Children Using Mobiles

The Implications Of Children Using Mobile Devices

A day – an hour, or even a minute – doesn’t go by where we don’t think about using some form of mobile device whether it is a tablet, iPad or phone. This is no longer a phenomenon confined solely to adults but also to our children as well. Indeed you may have come home after a hard day’s work on many an occasion expecting a warm greeting to instead find your son or daughter with their head hunched over their device of choice, deaf to the world.

Such activity can normally be dismissed as a by-product of the times. What kid doesn’t have the latest, top-of-the-range device these days to match what their friends have? Underneath the shiny metal and plastic however a much darker issue lurks: the impact this can have on your child’s health and wellbeing.

By focusing on a single device for a continuous period of time your child risks serious damage to their posture in the long term. The human head on average is the same weight of a bowling ball. Imagine your head as that bowling ball. Imagine that bowling ball pulling your neck, shoulders and back down with it, adding extra strain and pressure to your body. This creates a very real and concerning issue for modern parents with even more modern kids.

Historically this would normally be associated with the typical office worker who spends long hours at the PC leaning over their keyboard. The dynamic has changed however with the advent of universally owned mobile devices. The more we use these devices the more our neck muscles find it increasingly difficult to stabilise our heads, resulting in severe head, neck, shoulder and back pain.

Recent research has highlighted that children who spend more than 30 minutes on their iPads without changing their posture are at increased risk of developing chronic neck and back pain later in life. It also suggests that hunching over devices from a young age can lead to bad habits which contribute to musculoskeletal issues in adulthood.

More cause for concern is children as young as 7 developing hunchbacks and curved spines because of the hours spent bending over smart phones and tablets. Instead of a normal forward curve, patients can be seen to have a backwards curve. This is a very serious issue which must be addressed to avoid future problems.
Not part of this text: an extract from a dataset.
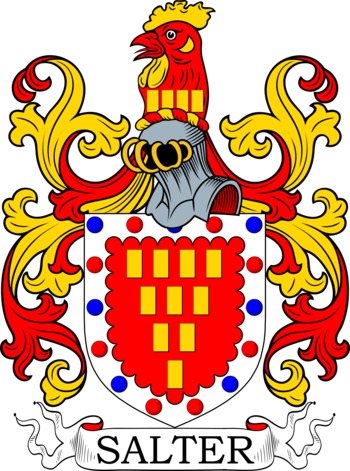 SALTER family crest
The benefits of a better posture cannot be understated. Indeed, it helps you breathe better, move more efficiently and increases endurance. Educating children on good posture is key to helping them avoid future problems. One way is to tell them to imagine a balloon attached to the top of their head pulling them gently upwards whilst keeping their feet flat on the ground.

Some more tips for healthy use of mobile devices include:

  • Show children and young people how to sit comfortably and with good posture by keeping their two feet on the floor and back supported
  • Place a beanbag or pillow on their lap so they can rest their arms and support their device in a comfortable position without the need to hunch forward
  • Create a rule of a maximum of 30 minutes device usage before they are up and on the go again
  • Schedule screen-free exercise times and encourage games and active play so that core strength muscles are used and strengthened
  • Use a separate, synchronized keyboard when typing on a tablet with the screen propped up to avoid craning their neck

These are just some of the simple steps you can take combined with the daily recommended activity levels to help you prevent your children from developing postural related neck and back problems in later life.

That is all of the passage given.